Irak'ın kuzeyindeki istikrarsızlığın kontrol edilmesi gerekmektedir, "Bu kontrol sağlanmazsa istikrarsızlık diğer komşu ülkelere de sıçrayacaktır. Ne tekim sıçramıştır, Özellikle de Türkiye bundan çok fazla etkilenecektir. Çünkü Türkiye'nin Irak'la bir tarihi bağı vardır". Terör örgütü PKK'nın Irak'taki varlığı sadece Kerkük'te değil, Bağdat'ta da ABD’nin bilgisi dahilinde faaliyetlerini sürdürüyor. PKK terör örgütü olmasına ve birçok ülkenin bunu kabul etmesine rağmen, kurduğu parti aracılığıyla ABD kontrolündeki seçimlere girdi". Irak'taki yönetimin ve ABD’ güçleri PKK'ya destek verdiği açık ve net bir şekilde ortadadır...

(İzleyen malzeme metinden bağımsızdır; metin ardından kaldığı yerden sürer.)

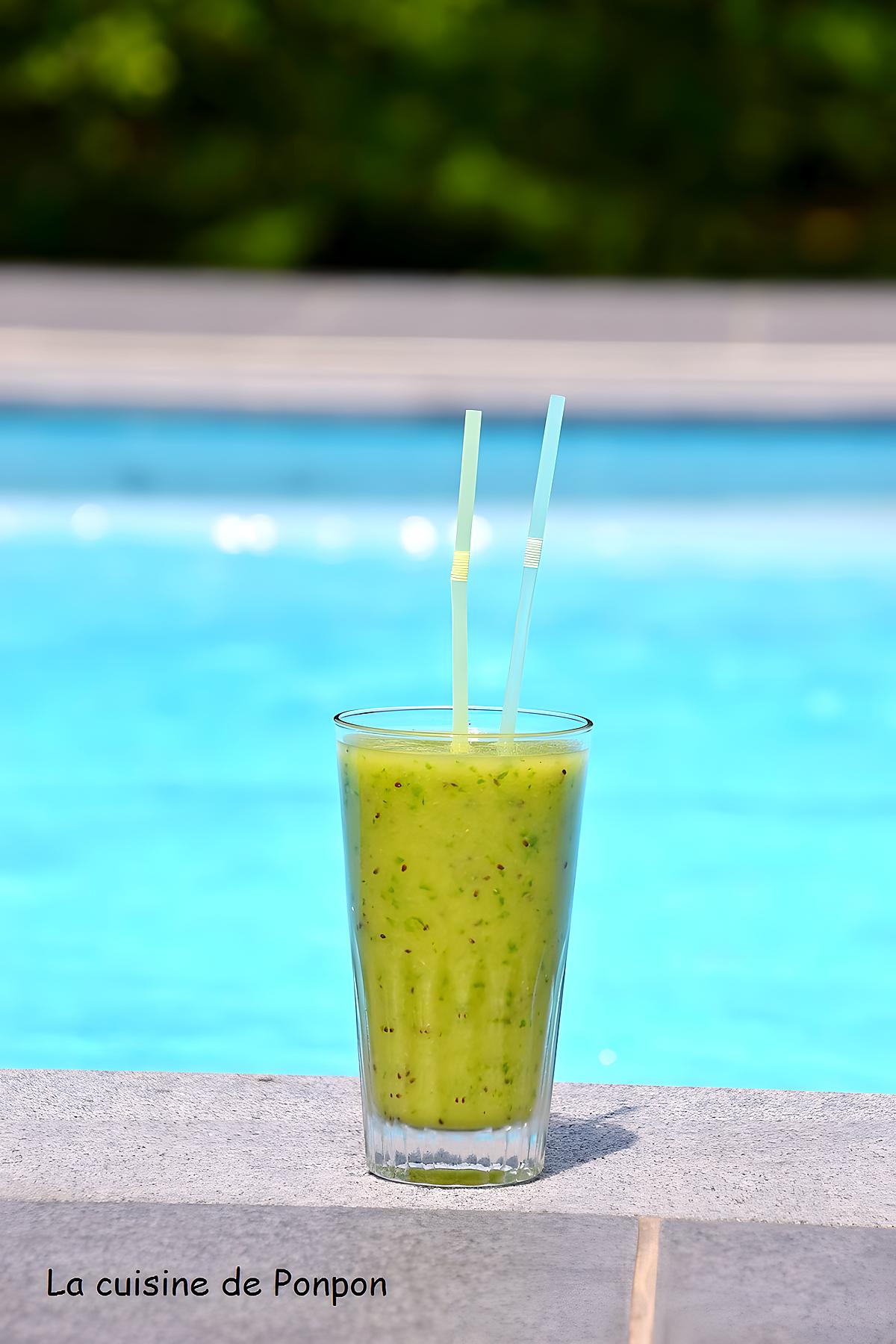 recette Smoothie kiwi, banane, concombre (thermogourmet)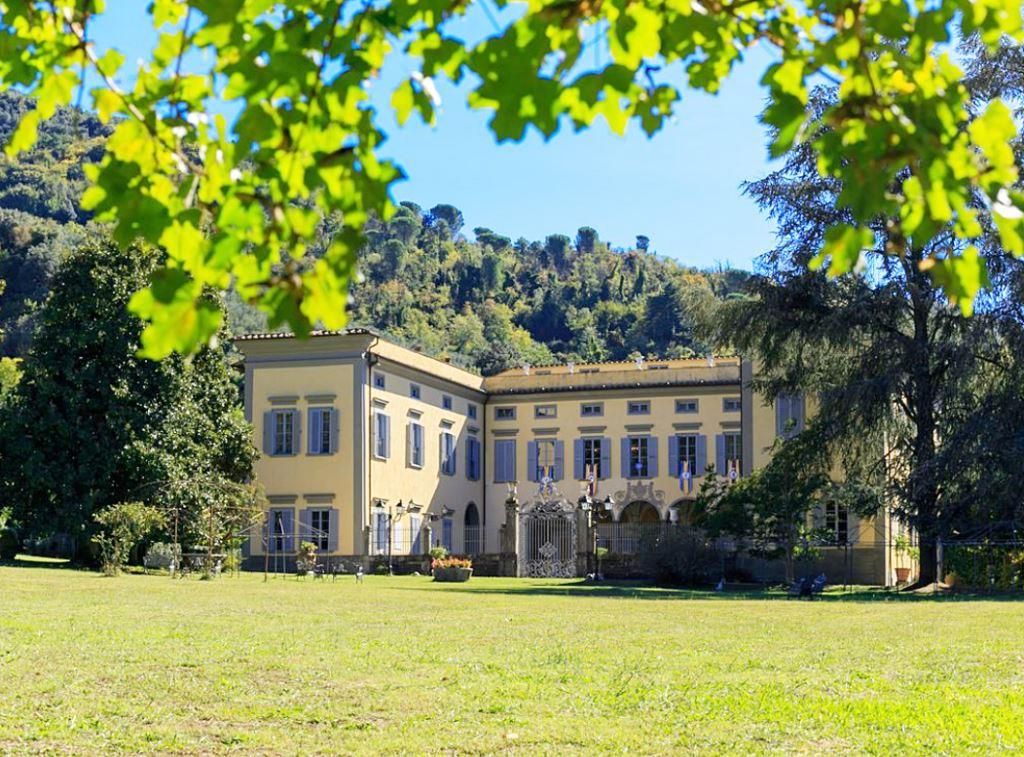 Villa in Pisa, Italien, 2 200 m² - Foto 1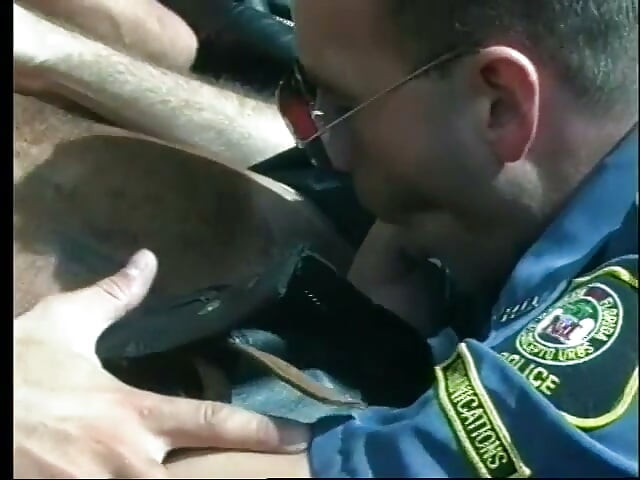 Policeman fucks a tight ass biker bottom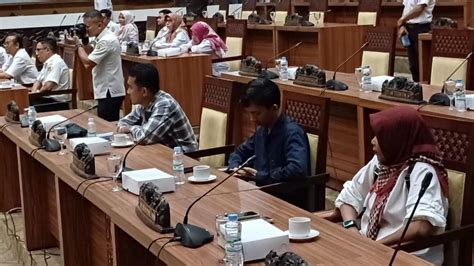 Warga Tetap Menolak Rencana Pembangunan Dermaga Wisata Di Kelurahan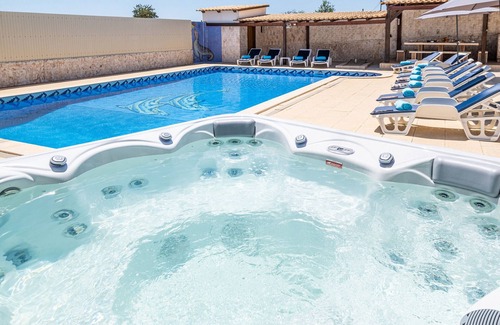 Albufeira Villa | MASSIVE VILLA W/ HEATABLE POOL, JACUZZI, A/C & FREE WIFI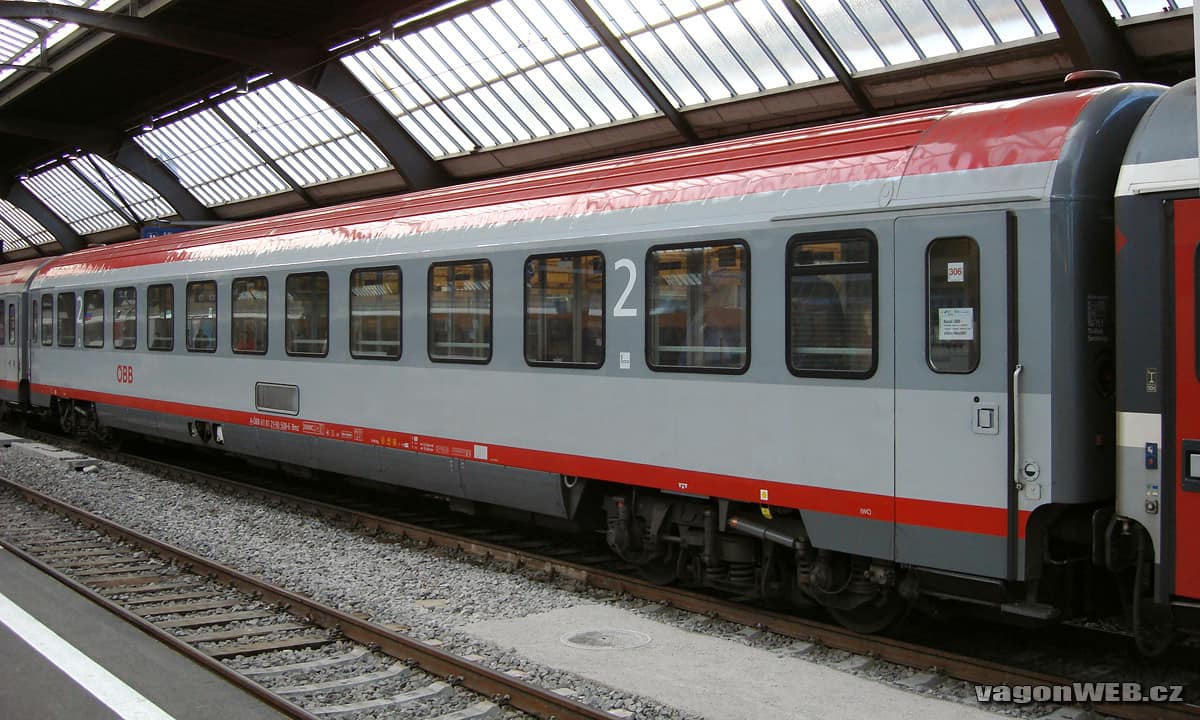 З 24 квітня почне курсувати новий безпересадковий вагон сполученням Відень-Чоп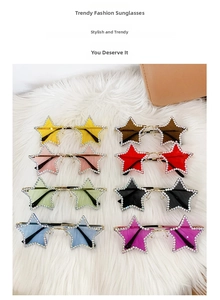 Vue détaillée de lunettes de soleil en forme d'étoile sans monture avec strass colorés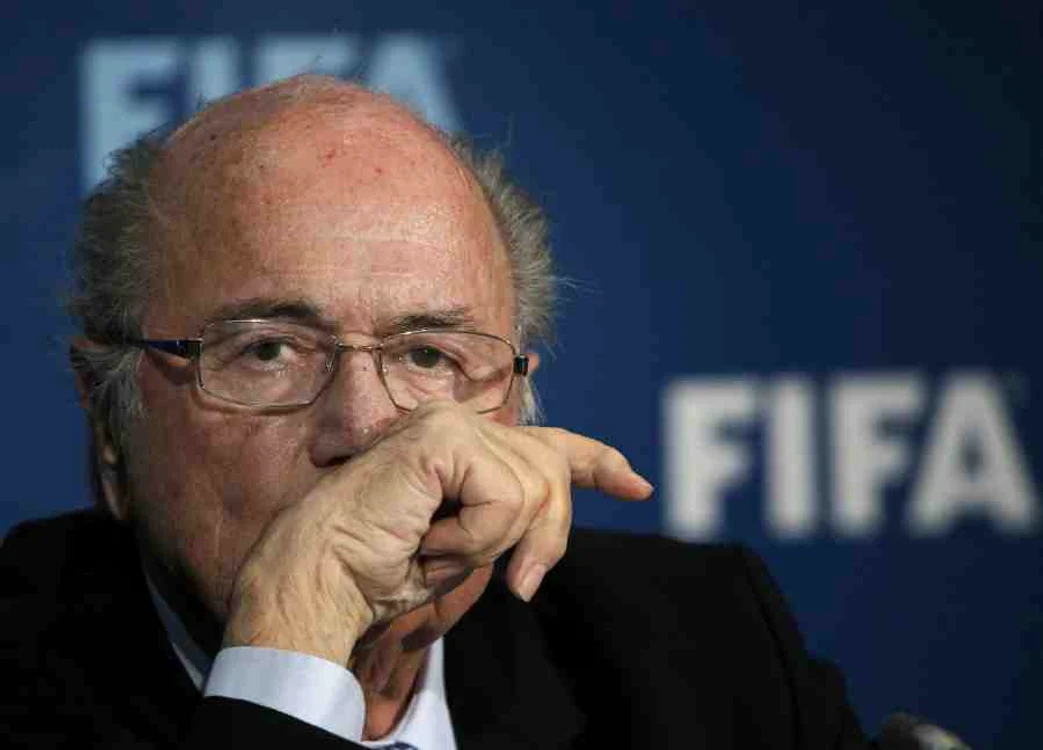 Sepp Blatter şi-a anunţat demisia după declanşarea investigaţiei FBIFoto: AP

Irak’ta yaşamak, Irak’ta Türkmen olmak ve Türklüğü korumak hiçte kolay olmamıştır. Türkmenler, kimliklerinin yok edilmesi ve ülkedeki varlıklarının sona erdirilmesi amacıyla, sürekli insanlık dışı uygulamalara ve asimilasyona maruz bırakılmışlardır. Bu uğurda verilen şehitlerin kanı ise daha kurumamıştır. "Varlığımıza, toplumumuza yönelik hareketler çok büyük. İnsanların Türkmen olduğu için şiddete maruz kalmışlardır. Bu hareketler neticesinde toplumumuz sıkıntı yaşamaktadırlar. Kerkük'ümüze baktığımızda demografiyi bozmak için belli siyasi ve etnik gruplar tarafından yapılan büyük çabalar vardır . Türkmenlerin milli ve manevi değerleriyle oynanmıştır. Saddam rejimi döneminde Araplaştırma politikalarına maruz kalan Türkmenler, can ve mal güvenlikleri nedeniyle Arap kimliği lehine kendi etnik kimliklerini bırakmaya zorlanmışlardır. Bugün ise Kürtler, Türkmenlerin yaşadıkları şehirlerin demografik yapılarını bozarak, Türkmenleri azınlık durumuna düşürmek için uğraş vermektedir. Türkiye'nin savaşa katılmaması veya ABD'nin işgaline yardımcı olmamasının faturası, Türkmenlere kesilmiştir. Bu nedenle, Türkmenlerin yaşadığı bölgelerin siyasi ve demografik yapıları değiştirilmesine ABD sesini çıkarmamaktadır.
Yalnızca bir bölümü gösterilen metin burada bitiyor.